### Task
With the exception of the pictures, write out the data below precisely.
━━━ Data ━━━
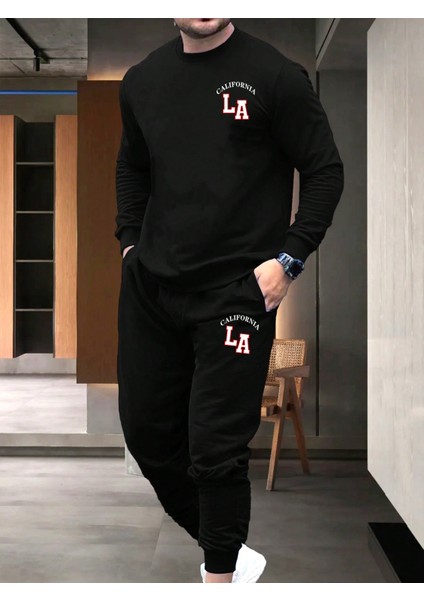 Erkek Siyah Plus Baskılı Eşofman Takımı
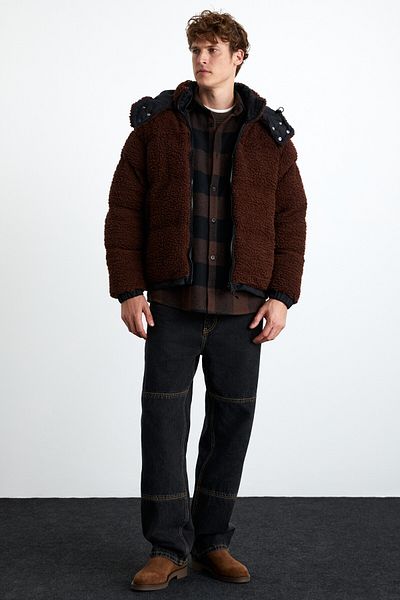 GRIMELANGE Vancuover Men's Plush Fabric Very Thick Inflatable Outerwear Casual Brown Coat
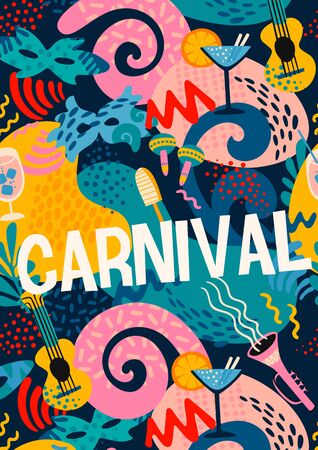 Vector poster with carnival objects and abstract shapes.のイラスト素材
━━━
### Result of the task
 Erkek Siyah Plus Baskılı Eşofman Takımı
 GRIMELANGE Vancuover Men's Plush Fabric Very Thick Inflatable Outerwear Casual Brown Coat
 Vector poster with carnival objects and abstract shapes.のイラスト素材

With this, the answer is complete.